According to his LinkedIn profile, McAtamney lives in Queensland, Australia and has been a chef since 1979.
Head Chef In Number Of Clubs And Pubs Did 2000 Olympics Feeding Canada, Jamaica, Bahamas and Australian Teams.
Also featured on McAtamney’s LinkedIn profile is a marketing spiel for Cash Money Bucket, a three-tier matrix Ponzi cycler.
With the launch of One Time Infinity, now McAtamney appears to be getting into the admin side of the MLM underbelly.
Read on for a full review of the One Time Infinity MLM business opportunity.
The One Time Infinity Product Line
One Time Infinity has no retailable products or services, with affiliates only able to market One Time Infinity affiliate membership itself.
Once signed up, One Time Infinity affiliates can then purchase $10 or $30 matrix positions, qualifying them to participate in the income opportunity.
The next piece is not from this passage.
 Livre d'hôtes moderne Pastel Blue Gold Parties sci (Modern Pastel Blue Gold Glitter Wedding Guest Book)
Bundled with these matrix positions are a series of advertising credits, which can be used to display advertising on the One Time Infinity website itself.
The One Time Infinity Compensation Plan
The One Time Infinity compensation plan sees affiliates purchase $10 or $30 positions, which are then passed through a series of matrix cyclers.
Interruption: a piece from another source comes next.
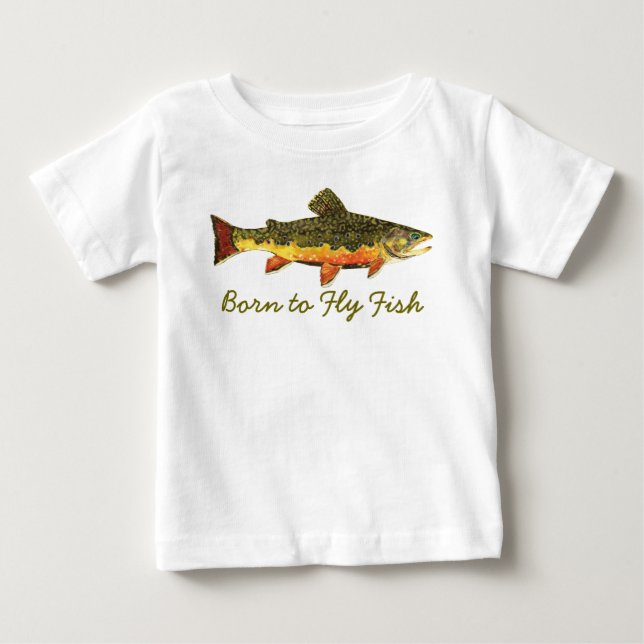 Fiske efter havskräftor från "Born till Fly Fish" Tee (Framsida)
A $10 One Time Infinity position is run through a 3×1 matrix, requiring three additional positions to be purchased before the position “cycles” out into a new $30 matrix (no commission is paid).
A $30 One Time Infinity position is first run through a 3×2 matrix.
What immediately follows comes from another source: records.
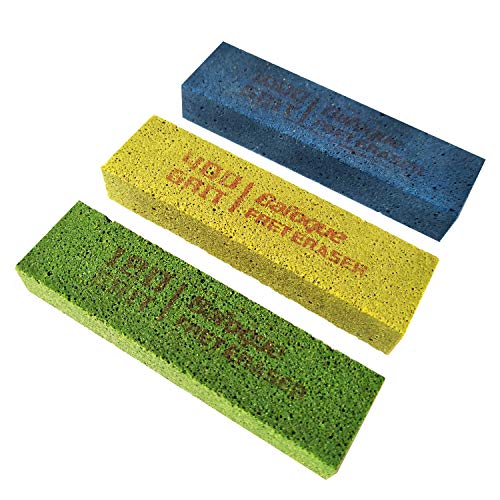 Product Cover Baroque Fret Erasers 180 & 400 & 1000 Grits, Guitar Fret Polishing Abraisive Rubber Blocks, Set of 3 Grits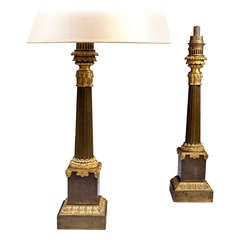 A Fine Pair Of Bronze And Gilt Bronze Carcel Lamps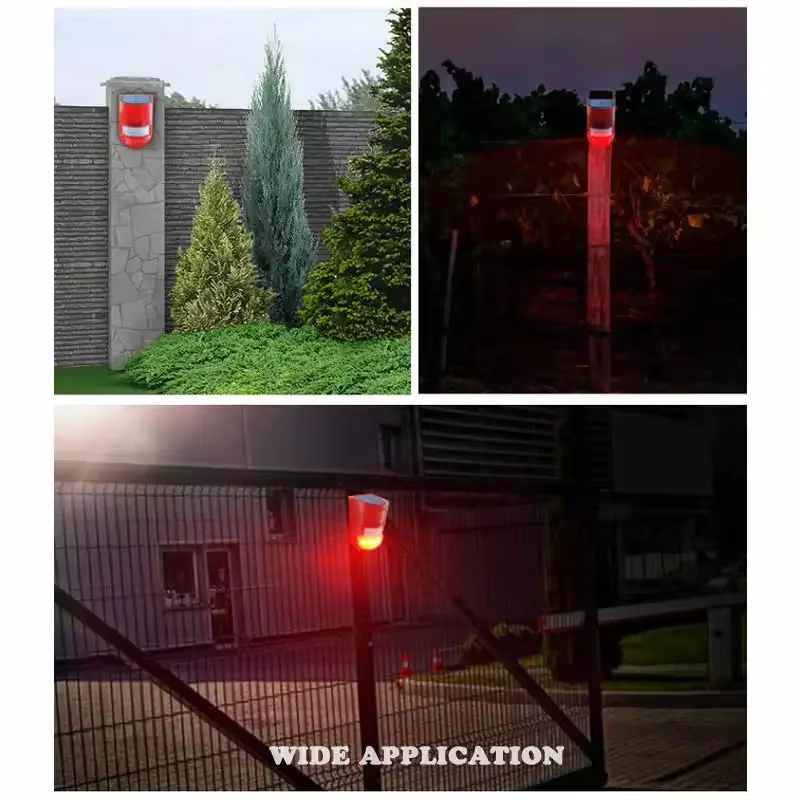 Lampes solaires capteur de mouvement infrarouge alarme sirène lumière stroboscopique pour maison jardin Carage champ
A 3×2 matrix places an affiliate at the top of the matrix, with three positions directly under them (level 1):
The second level of the matrix is made by splitting the three level one positions into another three positions each, for a total of twelve positions in the matrix.
Once all twelve positions are filled, a One Time Infinity affiliate is paid $365. They are also given entry into two new $30 matrix positions and one entry into a new $30 position phase 2 matrix.
The phase 2 matrix is a 2×3, which has two positions on the first level, four on the second and eight on the third:
Once again commissions are paid out as positions in the matrix are filled, with all positions filled resulting in a $1800 commission.
A direct referral commissions is paid across two of the One Time Infinity matrix cyclers as follows:
- $10 position matrix = $5 commission
- $30 position matrix (first phase) = $10
As per the One Time Infinity website:
You refer paid members…. you earn….very simple!
One Time Infinity is your typical ad-credit Ponzi cycler, which sees affiliates invest either $10 or $30 on the promise of an eventual $2165 ROI.
The $10 feeder matrix complicates the math a bit, but otherwise you’re looking at $30 in and at least 70 new $30 position purchases for a single ROI payout.
That figure is actually slightly higher once referral commissions are factored in.
The advertising credits serve as a pseudo-compliance ruse, having no bearing on the paying of existing affiliates with newly invested funds.
Logically if advertising credits were indeed being sold, unused credits would attract a refund.
Instead, as per One Time Infinity’s refund policy:
Are there Any Refunds?
As with all Ponzi schemes, once recruitment of new investors dies down so too will investment in new matrix positions.
This results in cycle times getting longer and longer, before stalling altogether.
At that point One Time Infinity will have collapsed, with Rob Mcatmney keeping whatever funds are still attached to uncycled positions.